Similarly, strength.rs::calculate_default_strength and types/mod.rs::bytes_consumed_with_pattern treat all Meta(_) variants uniformly (zero strength contribution, zero bytes consumed) via catch-alls, so they do not need per-variant arms.

3. Parser Architecture

3.1 Type Keyword Parsing Split

Type keyword parsing lives in src/parser/types.rs (parse_type_keyword + type_keyword_to_kind); the grammar module in src/parser/grammar/mod.rs orchestrates and handles type-specific suffixes (e.g., pstring /B, /H, /L).

  • Gotcha: parse_type_keyword only consumes the base keyword (e.g., "pstring"), leaving suffixes for the grammar layer.
  • Gotcha: parse_type_and_operator consumes trailing whitespace after parsing type+suffix -- test expectations for remaining input must account for this.

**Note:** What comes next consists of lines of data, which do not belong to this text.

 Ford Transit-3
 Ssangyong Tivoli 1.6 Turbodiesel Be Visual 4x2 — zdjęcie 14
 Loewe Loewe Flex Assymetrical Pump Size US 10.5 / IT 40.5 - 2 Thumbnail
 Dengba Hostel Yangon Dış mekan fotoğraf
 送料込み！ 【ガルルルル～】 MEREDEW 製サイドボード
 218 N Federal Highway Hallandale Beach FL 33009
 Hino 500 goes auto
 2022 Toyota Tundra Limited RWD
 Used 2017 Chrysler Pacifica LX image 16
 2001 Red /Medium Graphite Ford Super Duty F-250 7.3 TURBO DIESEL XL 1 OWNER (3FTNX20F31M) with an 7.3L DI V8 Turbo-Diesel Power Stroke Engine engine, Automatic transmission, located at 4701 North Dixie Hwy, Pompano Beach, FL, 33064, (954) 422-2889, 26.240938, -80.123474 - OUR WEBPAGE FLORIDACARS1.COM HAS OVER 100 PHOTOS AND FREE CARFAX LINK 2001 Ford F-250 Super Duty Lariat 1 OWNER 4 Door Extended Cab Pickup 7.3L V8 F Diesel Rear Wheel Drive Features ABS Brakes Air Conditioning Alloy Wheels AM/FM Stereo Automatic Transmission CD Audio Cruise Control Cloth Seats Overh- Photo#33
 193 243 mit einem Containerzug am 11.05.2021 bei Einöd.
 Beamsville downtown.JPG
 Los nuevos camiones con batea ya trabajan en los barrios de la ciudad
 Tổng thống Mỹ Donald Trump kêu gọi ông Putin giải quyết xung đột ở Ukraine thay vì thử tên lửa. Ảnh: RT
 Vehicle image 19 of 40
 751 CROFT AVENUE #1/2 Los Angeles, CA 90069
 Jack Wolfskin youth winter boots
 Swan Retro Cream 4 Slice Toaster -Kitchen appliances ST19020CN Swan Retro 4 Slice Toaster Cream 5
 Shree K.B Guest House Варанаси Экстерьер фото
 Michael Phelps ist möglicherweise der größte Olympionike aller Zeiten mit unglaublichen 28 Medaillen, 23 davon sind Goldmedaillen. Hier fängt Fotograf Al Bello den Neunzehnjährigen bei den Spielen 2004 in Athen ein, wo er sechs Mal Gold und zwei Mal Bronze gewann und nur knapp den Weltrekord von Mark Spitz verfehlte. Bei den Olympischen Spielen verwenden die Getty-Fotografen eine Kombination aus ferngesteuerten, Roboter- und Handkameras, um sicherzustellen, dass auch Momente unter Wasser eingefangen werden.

3.2 parse_number Return Type

parse_number returns i64 and is shared by offset + value parsing. Never widen its return type. Use the separate parse_unsigned_number (u64) path only in parse_numeric_value.

3.3 nom tuple Combinator

The nom tuple combinator is deprecated. Use bare tuple syntax (a, b, c) directly as Parser is implemented for tuples.

3.4 type_keyword_to_kind Line Length

type_keyword_to_kind has #[allow(clippy::too_many_lines)] because it exceeds 100 lines with all date keywords.

3.5 parse_number Does Not Handle + Prefix

parse_number handles - signs but not +. When parsing syntax like +4 (e.g., indirect offset adjustments), consume the + character manually before calling parse_number.

3.6 parse_value Requires Quoted Strings (But parse_magic_rule Has a Bare-Word Fallback)

parse_value() itself does not accept bare unquoted strings -- parse_value("xyz") still returns Err (see test_parse_value_invalid_input in grammar/tests/mod.rs, which pins this behavior). However, parse_magic_rule adds a bare-word fallback (parse_bare_string_value) when the rule's type is string-family (String, PString, Regex, Search), so 0 string TEST and >0 search/12 ABC parse successfully without quotes -- matching libmagic magic(5) surface syntax and allowing real-world fixtures like third_party/tests/searchbug.magic to load. For non-string-family types (byte/short/long/etc.), bare words still fail; integration tests exercising parse_value directly (as opposed to going through parse_magic_rule) must still quote string literals.

3.7 Indirect Offset Pointer Specifiers Follow GNU file Semantics

Lowercase pointer specifiers (.s, .l, .q) map to little-endian, not native endian. Uppercase (.S, .L, .Q) map to big-endian. All numeric pointer types are signed by default (per S6.3).

Adjustment is accepted in two forms:

  • Inside the parens (canonical magic(5)): (base.type+N), (base.type-N), (base.type*N), (base.type/N), (base.type%N), (base.type&N), (base.type|N), (base.type^N). The full magic(5) operator set is supported here.
  • After the closing paren (legacy/alternate): (base.type)+N, (base.type)-N. Only +/- are accepted in this form.

Only one form may be used per rule; combinations like (19.b-1)+2 are not permitted. The operator selection is stored on OffsetSpec::Indirect.adjustment_op (IndirectAdjustmentOp enum). Subtraction is folded into IndirectAdjustmentOp::Add with a negative adjustment so the evaluator does not need a dedicated Sub variant.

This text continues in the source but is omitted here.